Our study has some strengths, too. First, the present study included a large sample size of CCS compared to other previous Asian studies. Second, we included CCS with diverse types of cancer, which makes it possible to look into the risks of neurocognitive impairment across different types of cancer. Third, our study included siblings as a comparison group. Fourth, we assessed neurocognitive function using the K-NCQ, for which a validation study has been completed. By using K-NCQ, we could reasonably compare our study findings with the findings of the US cohort CCSS study.
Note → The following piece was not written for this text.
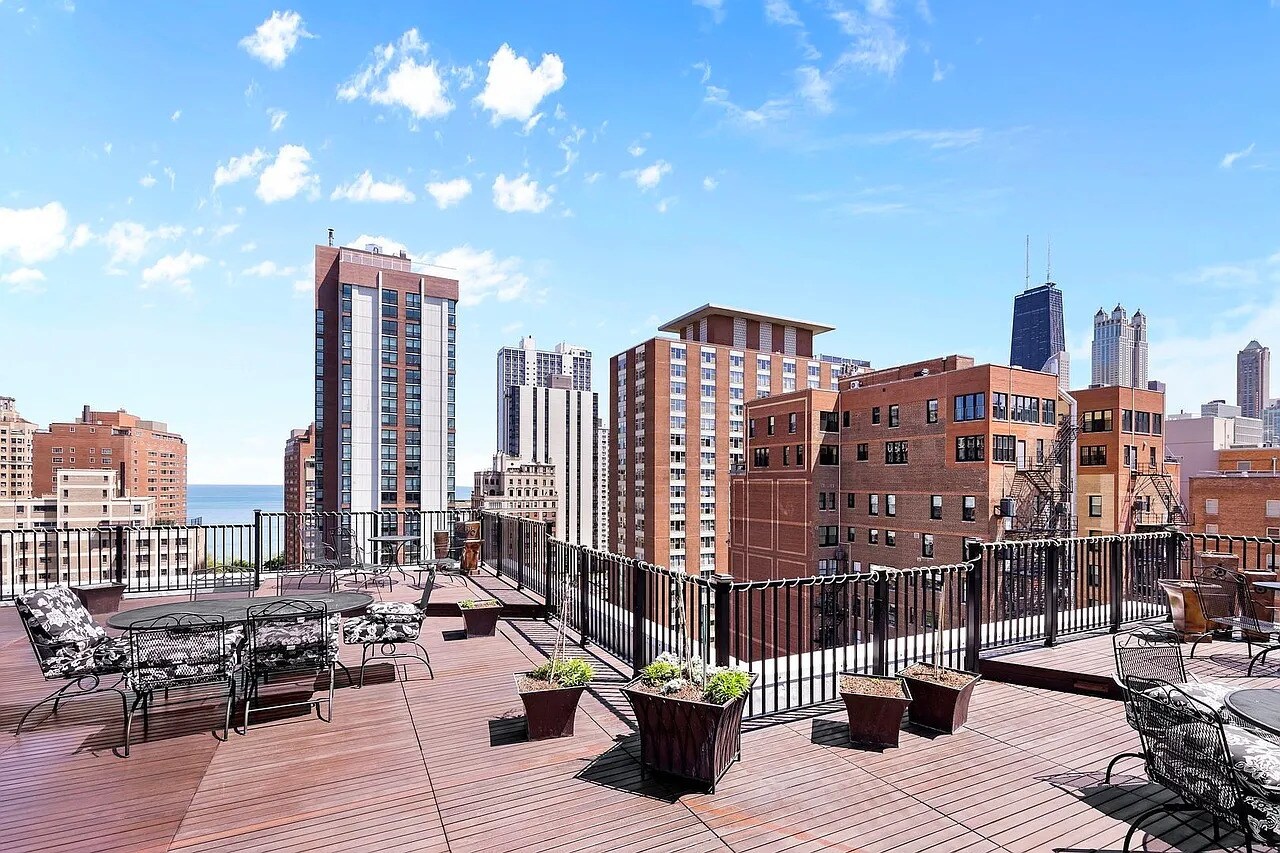 Building Photo - 1339 N Dearborn St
In conclusion, in this Korean study including relatively young CCS with an average time lapse of 8.6 years from treatment completion, we found that CCS are more likely to have a neurocognitive impairment in task efficiency and organization subdomains compared with sibling group, most evidently among CCS with CNS solid tumor. These findings suggest that CCS have an increased risk for neurocognitive impairment after completion of cancer treatment, even from a relatively earlier age. Therefore, further studies to identify high-risk groups and to develop early effective interventional strategies to mitigate neurocognitive impairment in CCS seem necessary.